Hyatt Corporation. The renowned hotel business got its start at the Los Angeles International Airport during the Eisenhower recession (1957 to 1958). The chain rose to worldwide fame in the following decades and now operates more than 365 hotels in 25 countries.
IHOP Corporation. The first restaurant of this well-known national chain began in July1958, in Toluca Lake, Calif. Owners Al and Jerry Lapin were at the helm of the fast growing company, which began franchising just three years later. Today, there are more than 1,300 locations across the U.S.
The Jim Henson Company. This company, known for its famous puppet characters including Miss Piggy, Kermit the Frog and Elmo, was created by famed puppeteer Jim Henson in 1958. Today, the privately held company is managed by Henson’s children and continues to thrive by creating popular kids-friendly shows and movies.

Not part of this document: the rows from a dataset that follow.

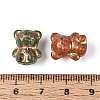Picasso Baking Paint and Golden Metal Enlaced Glass Beads DGLA-T004-45M-3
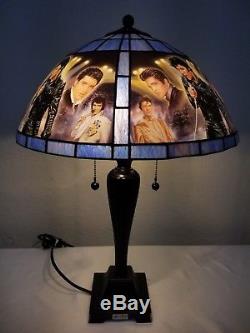 Elvis Presley Lamp Tiffany Style Glass Vintage Rare Gorgeous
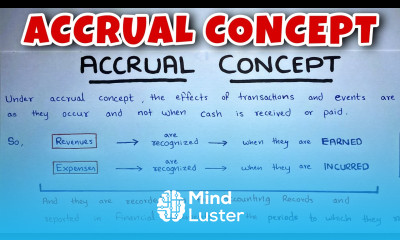 Accrual Concept EXPLAINED By Saheb Academy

Trader Joe’s. The neighborhood grocery store began as a chain of convenience stores called Pronto Markets during the Eisenhower recession in 1958. In 1967, the company changed its name to Trader Joe’s and began to carry unique grocery items under its own brand. The company now operates more than 280 stores in the U.S.
LexisNexis. This computerized legal research service got its start during the 1973 oil crisis which brought the US into a deep economic recession. The service has since been made available online and is used in 100 countries by those involved with law, government, education and business.
FedEx Corporation. This shipping and logistics management company was founded by Frederick W. Smith on April 17, 1973, under the name, Federal Express. Today, FedEx manages more than 7.5 million daily shipments worldwide.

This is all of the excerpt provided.